The premise is as funny as the title: Brooks plays a comic named Brooks enlisted by the government to find out what makes Muslims laugh.
“I came out of that meeting and said: there’s trouble here. Instead of going, ‘This is really exciting!’ one of the guys said: ‘Well, I guess we’re going to have to put in some extra phone lines to take these [calls] we’re going to get, huh?’
“Four months went by. I showed them a rough cut. It went as good as any of those screenings have ever gone for me. They made posters, trailers, booked me into the Toronto film festival, release October 7. And then a week after, that Newsweek article came out...”
The story, you might recall, was the one about Guantánamo Bay prisoners forced to desecrate Korans. Newsweek was compelled to retract it when its authenticity was questioned. Some claimed it instigated riots halfway across the world in Afghanistan.

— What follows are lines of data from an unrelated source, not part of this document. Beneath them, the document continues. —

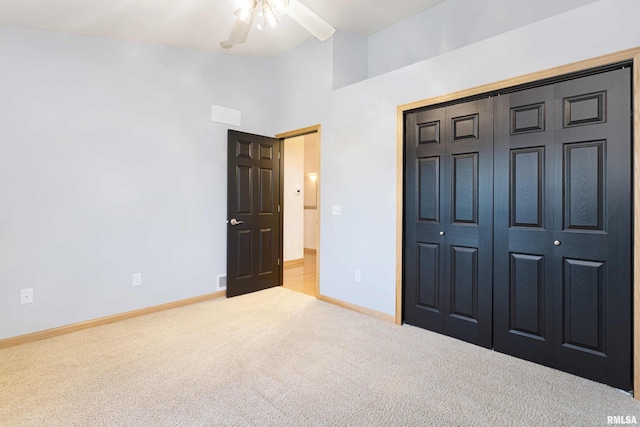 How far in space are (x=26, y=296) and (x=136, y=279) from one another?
824 millimetres

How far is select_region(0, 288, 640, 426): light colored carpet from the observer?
1751 mm

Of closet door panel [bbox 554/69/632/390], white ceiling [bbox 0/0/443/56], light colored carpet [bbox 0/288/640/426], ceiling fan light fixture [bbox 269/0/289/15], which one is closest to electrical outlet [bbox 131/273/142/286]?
light colored carpet [bbox 0/288/640/426]

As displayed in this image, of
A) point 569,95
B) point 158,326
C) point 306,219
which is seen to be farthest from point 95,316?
point 306,219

“They said that was what scared them and by shortening the title everything would be okay. And then I saw one of the trailers they made. They eliminated everything involving Muslims in the trailer. It was like, ‘A kooky comedian goes abroad!’ It was like a Bob Hope movie. I was amazed. I don’t have proof of this, but I think some very high-up who’s not involved in the day-to-day movie stuff because it’s a big company that makes televisions, he sees a computer printout and says, ‘What are you, crazy?’”
Luckily, Steve Bing stuck with the movie and moved it to another studio, Warner Independent Pictures.
“Two months later,” continues Brooks, “Bing says, ‘Let’s go to Dubai and have a world premiere.’ I was scared to death. I thought maybe people would ... It was only the second year of this film festival and the first year I had read that they had showed that documentary Control Room and everyone was booing. But it was the single greatest experience of my life. Lines like, ‘They stuffed Abbot and Costello and me into a cab’ — they roared.”
If the film killed them in Dubai, it can’t be too controversial. In Muslim World, Brooks looks for comedy that doesn’t purge fear and animosity, but calms them.